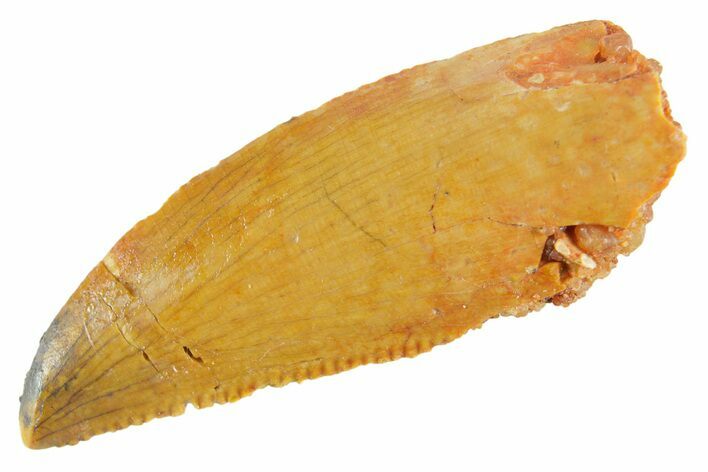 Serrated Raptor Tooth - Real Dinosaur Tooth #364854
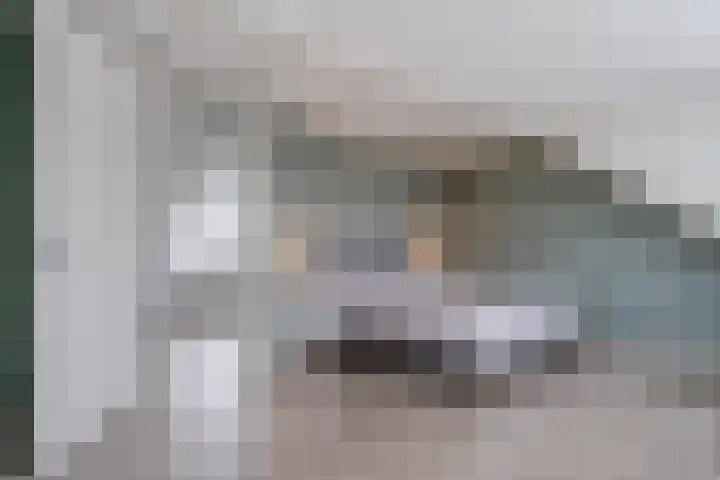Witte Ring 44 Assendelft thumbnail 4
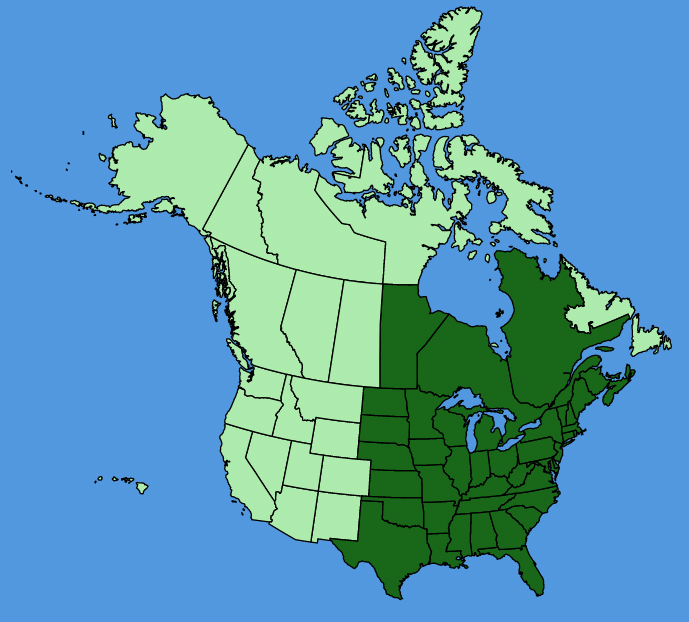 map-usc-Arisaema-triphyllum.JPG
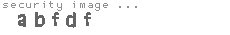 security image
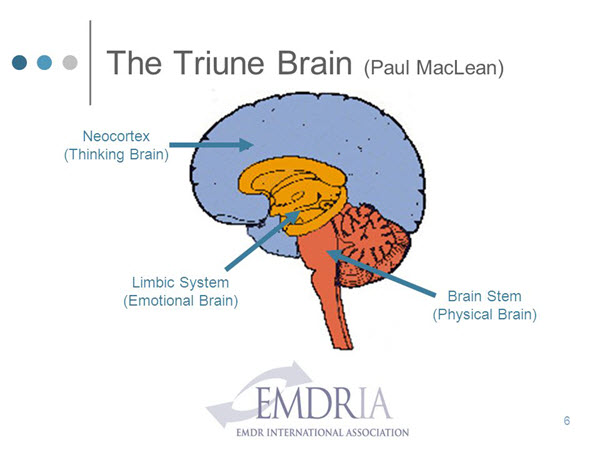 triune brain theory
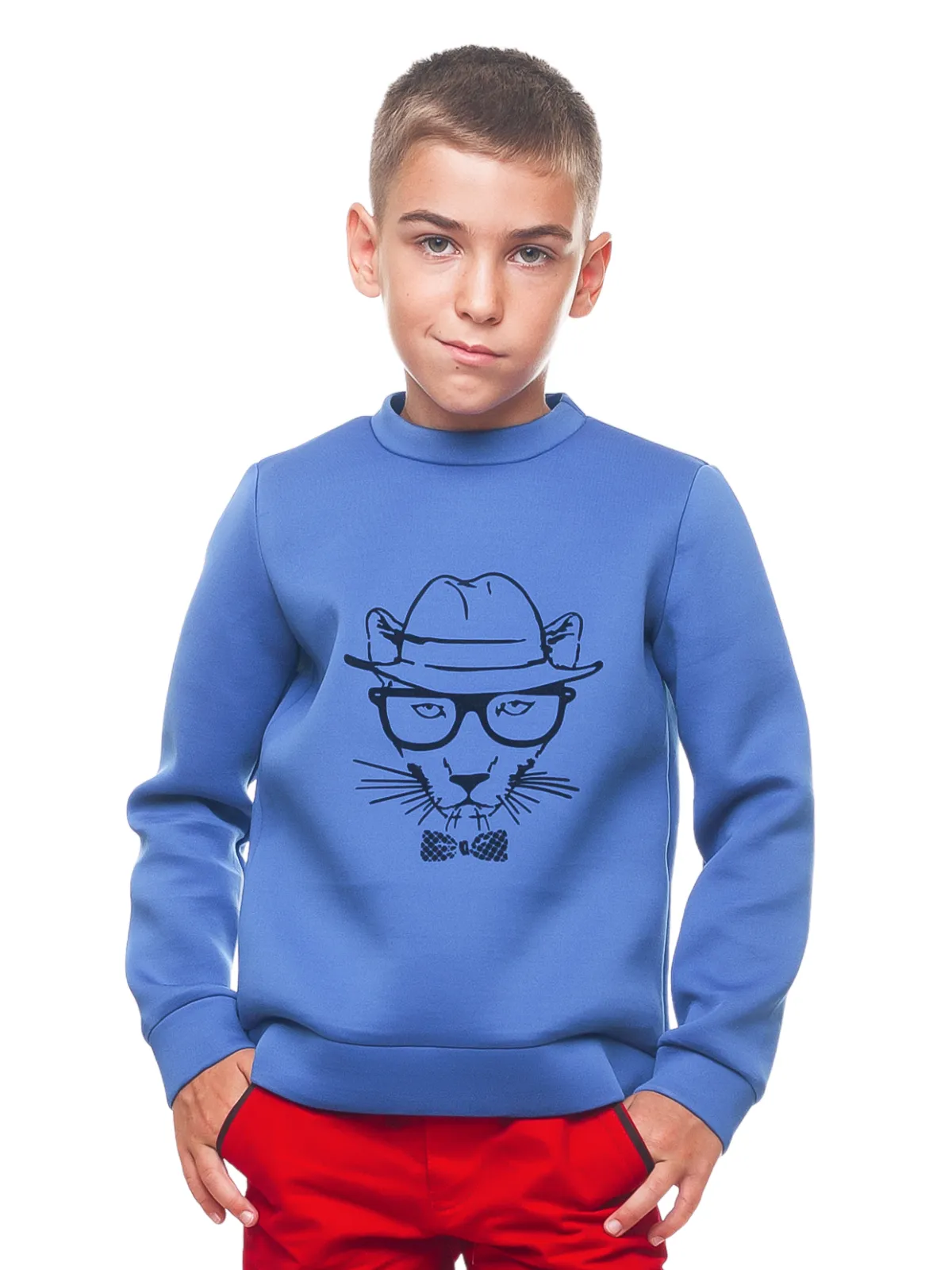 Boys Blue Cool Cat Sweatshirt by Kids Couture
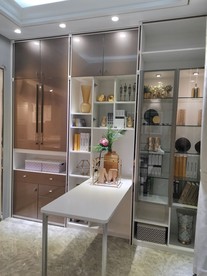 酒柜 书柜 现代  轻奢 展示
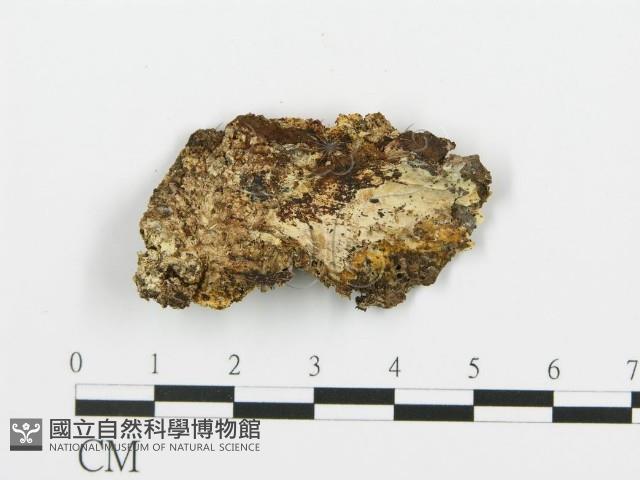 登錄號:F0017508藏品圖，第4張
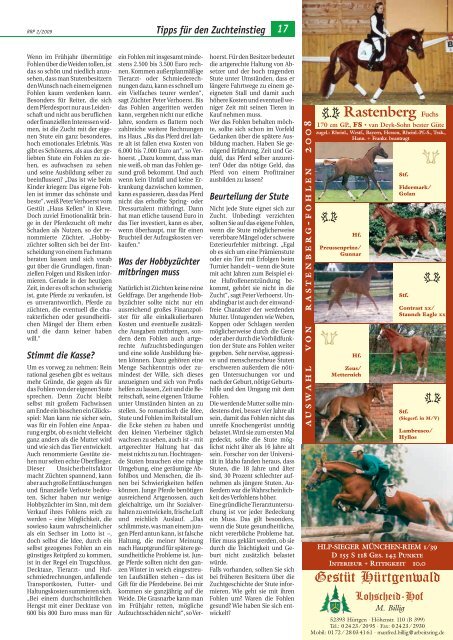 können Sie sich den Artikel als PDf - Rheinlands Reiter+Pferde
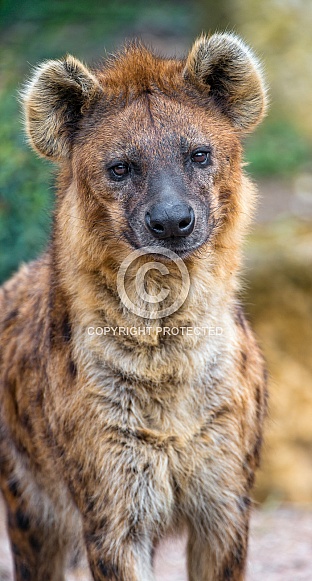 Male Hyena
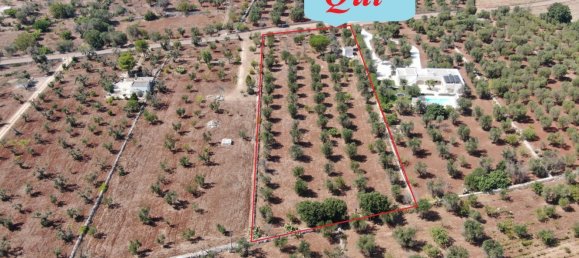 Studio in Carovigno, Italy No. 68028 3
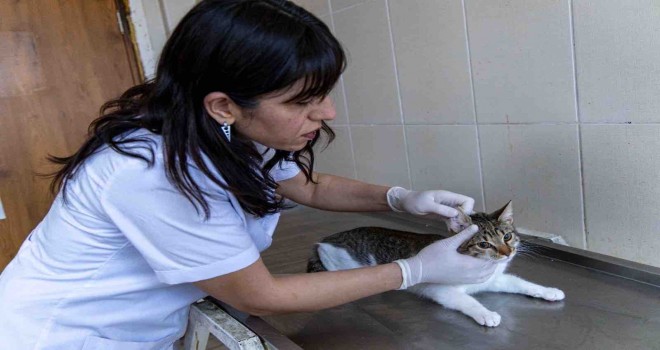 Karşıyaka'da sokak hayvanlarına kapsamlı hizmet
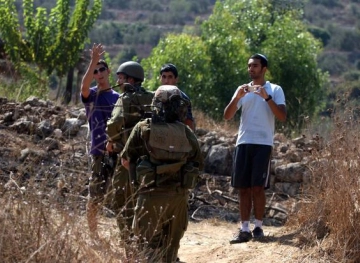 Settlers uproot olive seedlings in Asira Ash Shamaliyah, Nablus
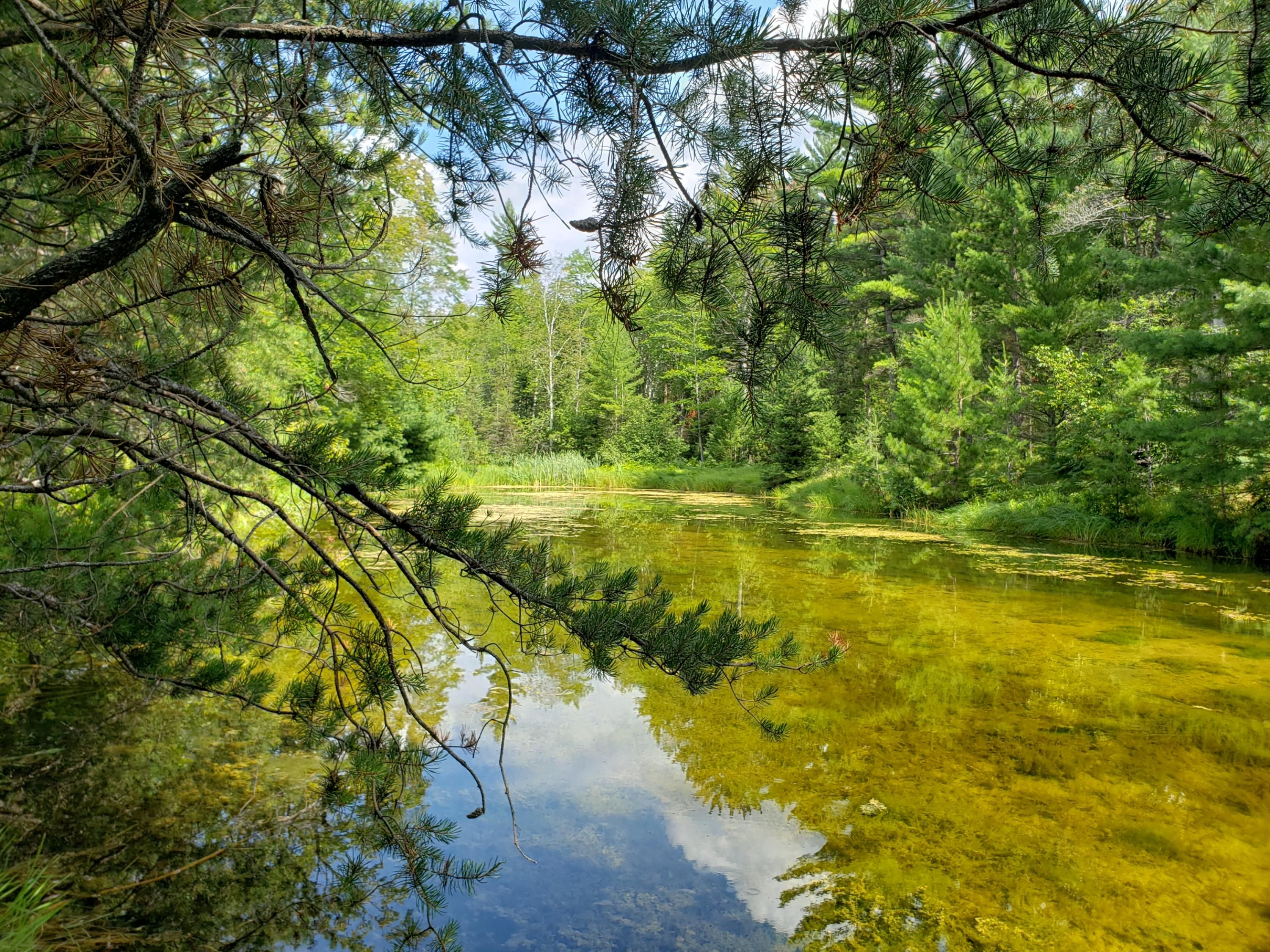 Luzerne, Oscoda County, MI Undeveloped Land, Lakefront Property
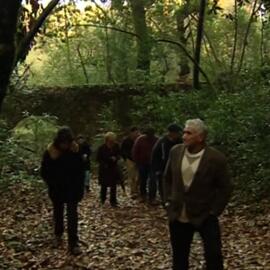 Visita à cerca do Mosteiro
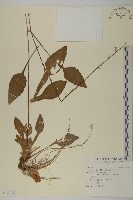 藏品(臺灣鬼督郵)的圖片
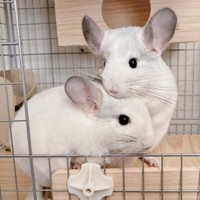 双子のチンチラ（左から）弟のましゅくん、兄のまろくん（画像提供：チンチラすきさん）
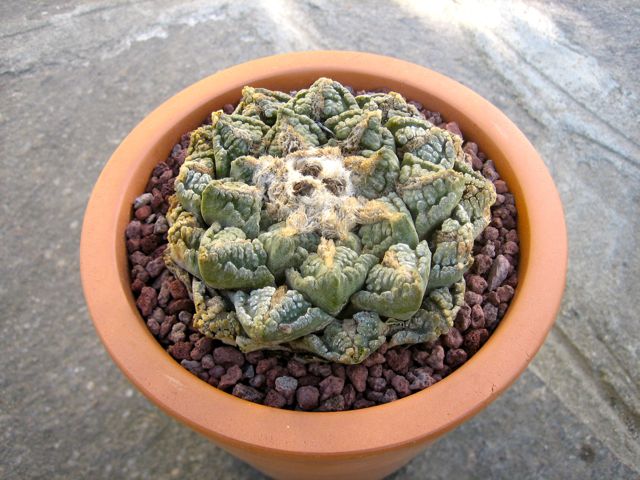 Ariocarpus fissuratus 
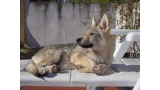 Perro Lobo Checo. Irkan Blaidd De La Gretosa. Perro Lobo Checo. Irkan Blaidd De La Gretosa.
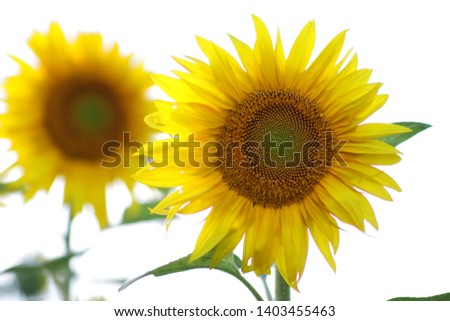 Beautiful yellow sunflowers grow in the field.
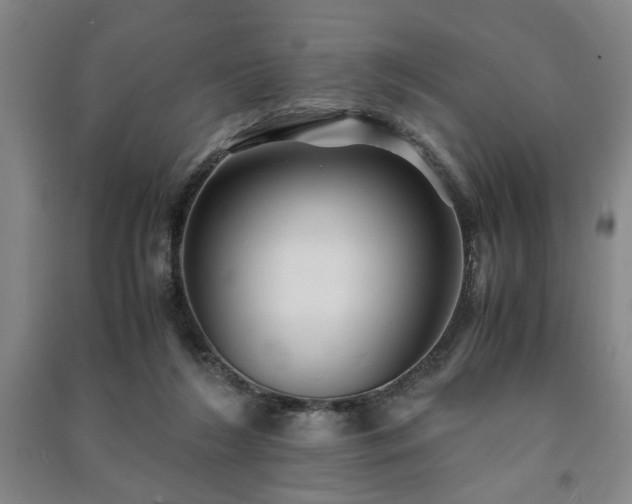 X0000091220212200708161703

→ Your assignment
Set down exactly, from the line that contains "Studio in Carovigno, Italy No. 68028 3" through the last line of the data, each line as it stands, and leave the pictures out.

→ Completed task
 Studio in Carovigno, Italy No. 68028 3
 Karşıyaka'da sokak hayvanlarına kapsamlı hizmet
 Settlers uproot olive seedlings in Asira Ash Shamaliyah, Nablus
 Luzerne, Oscoda County, MI Undeveloped Land, Lakefront Property
 Visita à cerca do Mosteiro
 藏品(臺灣鬼督郵)的圖片
 双子のチンチラ（左から）弟のましゅくん、兄のまろくん（画像提供：チンチラすきさん）
 Ariocarpus fissuratus 
 Perro Lobo Checo. Irkan Blaidd De La Gretosa. Perro Lobo Checo. Irkan Blaidd De La Gretosa.
 Beautiful yellow sunflowers grow in the field.
 X0000091220212200708161703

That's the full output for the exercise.